2

What is the most efficient way to create a dask.array from a dask.Series of list? The series consists of 5 million lists 300 of elements. It is currently divide into 500 partitions. Currently I am trying:

pt = [delayed(np.array)(y)
      for y in
      [delayed(list)(x)
       for x in series.to_delayed()]]
da = delayed(dask.array.concatenate)(pt, axis=1)
da = dask.array.from_delayed(da, (vec.size.compute(), 300), dtype=float)
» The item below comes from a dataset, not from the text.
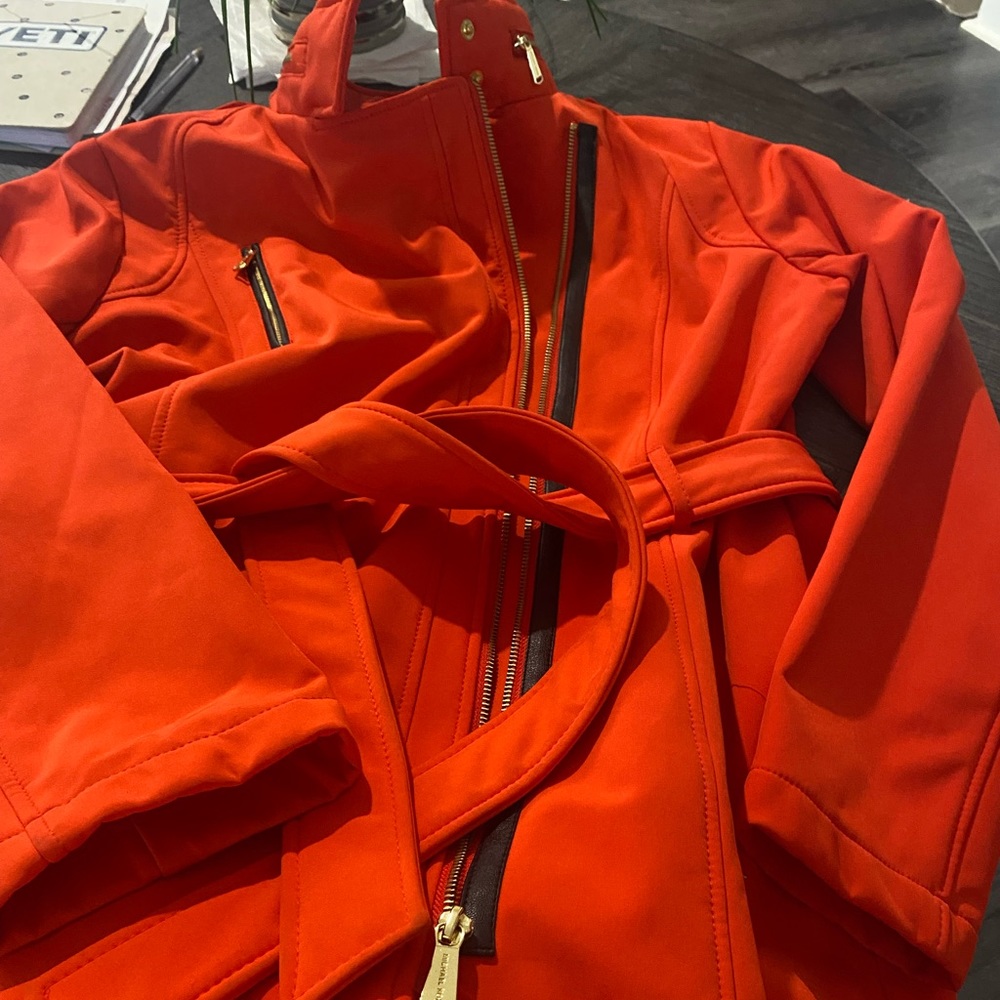 Michael Kors red coat. Never worn size L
The idea is to convert each partition into a numpy array and stitch those together into a dask.array. This code is taking forever to run though. A numpy array can be built from this data quite quickly from this data sequentially as long as there is enough RAM.

ascripter
  • 5,665
  • 12
  • 45
  • 68
Daniel Mahler
  • 7,653
  • 5
  • 51
  • 90

2 Answers2

2

I think that you are on the right track using dask.delayed. However calling list on the series is probably not ideal. I would create a function that converts one of your series into a numpy array and then go through delayed with that.

def convert_series_to_array(pandas_series):  # make this as fast as you can
    ...
    return numpy_array

L = dask_series.to_delayed()
L = [delayed(convert_series_to_array)(x) for x in L]
arrays = [da.from_delayed(x, shape=(np.nan, 300), dtype=...) for x in L]
x = da.concatenate(arrays, axis=0)

Also, regarding this line:

da = delayed(dask.array.concatenate)(pt, axis=1)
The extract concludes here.